§ PROBLEM DETAILS:
Your answer must consist solely of the lines from the one containing "KIT 2 Capas" through the last line of the records below, reproduced exactly, with all pictures omitted.

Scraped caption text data
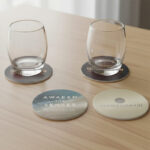 Pulpboard Paper Coaster - lifestyle corporate gifts for corporate gifting in Singapore with custom logo branding. Pulpboard paper coaster is a lightweight, absorbent coaster made from thick paperboard.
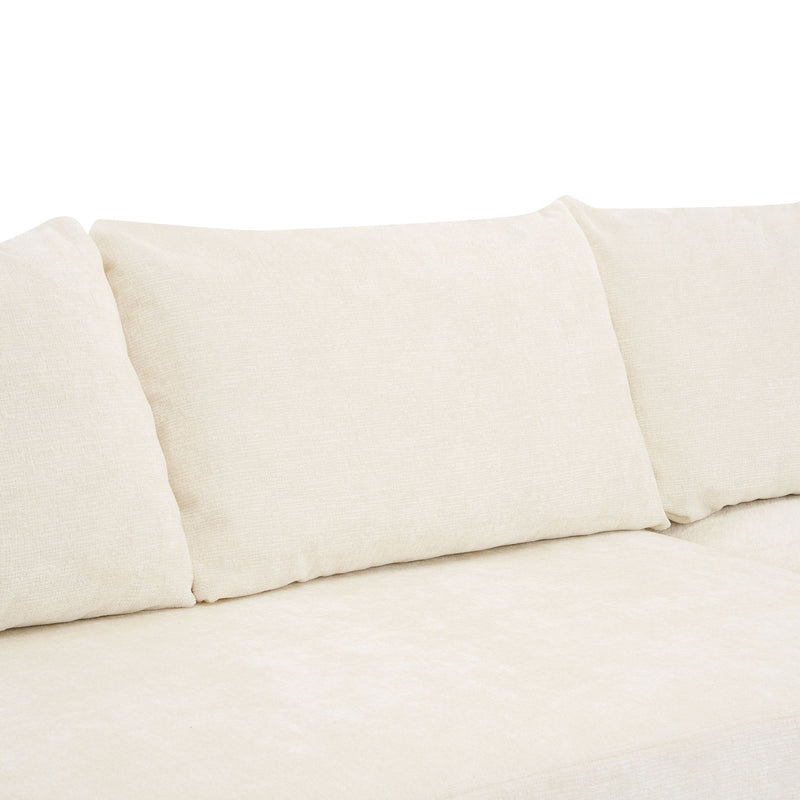 Modular Cloud Sectional Sofa Set, U-Shaped Upholstered Couch With Deep Seat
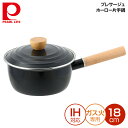パール金属 プレサージュ ホーロー片手鍋18cm(ブラック) HB-5306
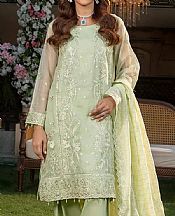 Salitex Sea Mist Net Suit- Pakistani Chiffon Dress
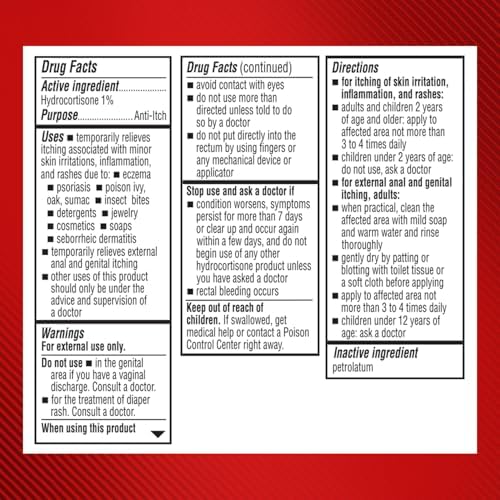 Cortizone-10 1 percent hydrocortisone anti-itch ointment tube for bug bites.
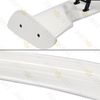 57" UNIVERSAL PAINTED WHITE DRAGON-3 STYLE ABS GT TRUNK ADJUSTABLE SPOILER WING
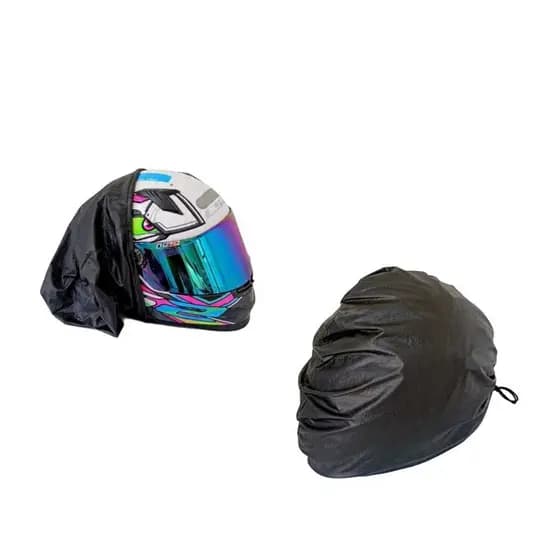 KIT 2 Capas de capacete couro sintetico forrada
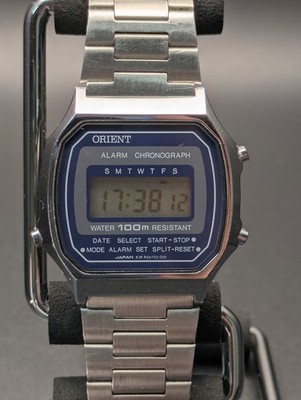 Rare Vintage Good Condition ORIENT R54702-41CA Digital Quartz Armbanduhr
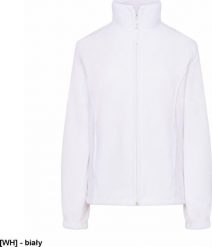 JHK FLRL300 - Bluza polarowa damska, taliowana, z suwakiem i dwoma zapinanymi kieszeniami - biały XL. Białe bluzy damskie JHK, xl, bez wzorów, z polaru, bez kaptura. Za 58.74 zł.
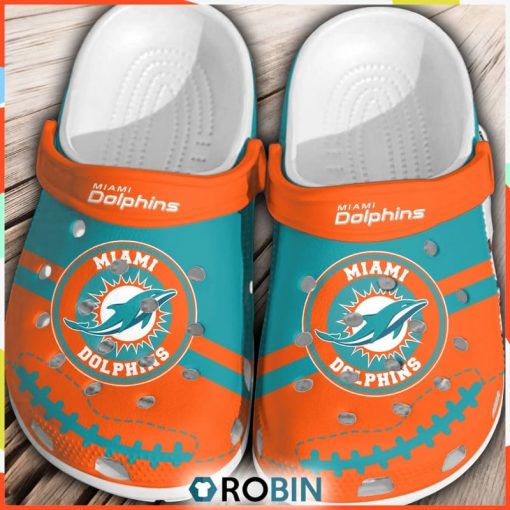 NFL Miami Dolphins Football Comfortable Shoes Gift For Men Women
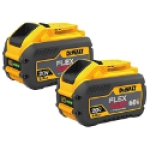 Stanley® Black+Decker® DeWALT® DCB609-2 20/60 VDC 9.0 Ah Lithium-Ion Battery Pack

§ RESPONSE AREA:
 KIT 2 Capas de capacete couro sintetico forrada
 Rare Vintage Good Condition ORIENT R54702-41CA Digital Quartz Armbanduhr
 JHK FLRL300 - Bluza polarowa damska, taliowana, z suwakiem i dwoma zapinanymi kieszeniami - biały XL. Białe bluzy damskie JHK, xl, bez wzorów, z polaru, bez kaptura. Za 58.74 zł.
 NFL Miami Dolphins Football Comfortable Shoes Gift For Men Women
 Stanley® Black+Decker® DeWALT® DCB609-2 20/60 VDC 9.0 Ah Lithium-Ion Battery Pack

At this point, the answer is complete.